A private trust company shall not purchase, redeem or otherwise reacquire shares of stock or membership interests that the private trust company has issued, or declare a dividend or other distribution to its stockholders, members, or holders of equity interests, to the extent that such purchase, redemption, reacquisition, dividend or distribution shall cause the private trust company's paid-in capital, retained surplus and reserves to be reduced below $500,000.

§ 6.1-32.30:5. Offices.

A. The office at which a private trust company begins business shall be designated initially as its principal office. The board of directors or managers of a private trust company may thereafter redesignate as the principal office another authorized office of the private trust company in the Commonwealth.

B. The board of directors or managers of a private trust company may designate, and from time to time redesignate, one additional office at which the private trust company may conduct business in the Commonwealth.

C. The private trust company shall notify the Commission's Bureau of Financial Institutions of any such redesignation of its principal office or designation or redesignation of an additional office not later than 30 days before its effective date and shall confirm to the Bureau of Financial Institutions any such designation or redesignation within 10 days of its occurrence.
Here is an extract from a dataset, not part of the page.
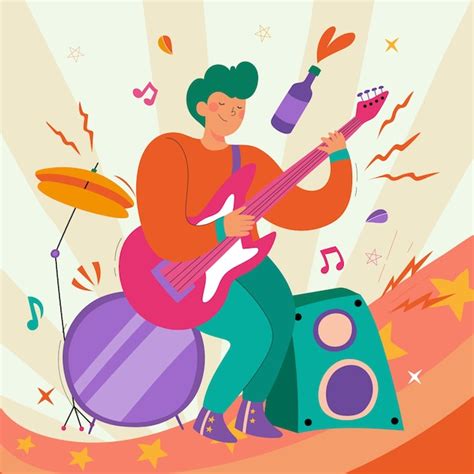 Free Vector Hand Drawn World Rock Day Illustration With Person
§ 6.1-32.30:6. Directors or managers.

The affairs of every private trust company shall be directed by a board of directors if a corporation, and managers or board of directors if a limited liability company, which shall consist of not less than five nor more than twenty-five persons. At least one director or manager shall be a citizen of this Commonwealth.
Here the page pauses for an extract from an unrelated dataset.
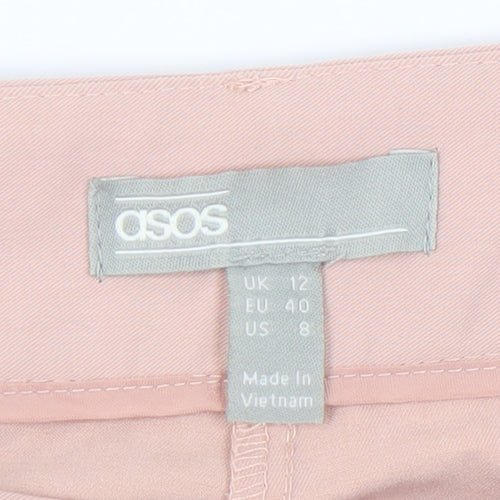 ASOS Women's Pink Belted Wide-Leg Trousers Size 12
§ 6.1-32.30:7. Limitation on powers.

A. In the exercise of any power held by a private trust company in its capacity as a fiduciary, the private trust company shall have a duty not to exercise any power in such a way as to deprive the estate, trust or other entity for which it acts as a fiduciary of an otherwise available tax exemption, deduction or credit for tax purposes or deprive a donor of trust assets of a tax exemption, deduction or credit or operate to impose a tax upon a donor or other person as owner of any portion of the estate, trust or otherwise.

B. Without limitation to subsection A, no family member who is a stockholder or member or who otherwise holds an equity interest in, or is serving as a director, officer, manager, or employee of, a private trust company shall participate in or otherwise have a voice in any discretionary decision by the private trust company to distribute income or principal of any trust in order to discharge a legal obligation of the family member or for the family member's pecuniary benefit, unless:

1. The exercise of the discretion is limited by an ascertainable standard relating to the health, education, support, or maintenance of that family member;

2. The distribution is necessary for that family member's support, health or education; or

3. The instrument governing the administration of that trust clearly so provides.

C. "Tax" includes, but is not limited to, federal, state or local income, gift, estate, generation-skipping transfer, or inheritance tax.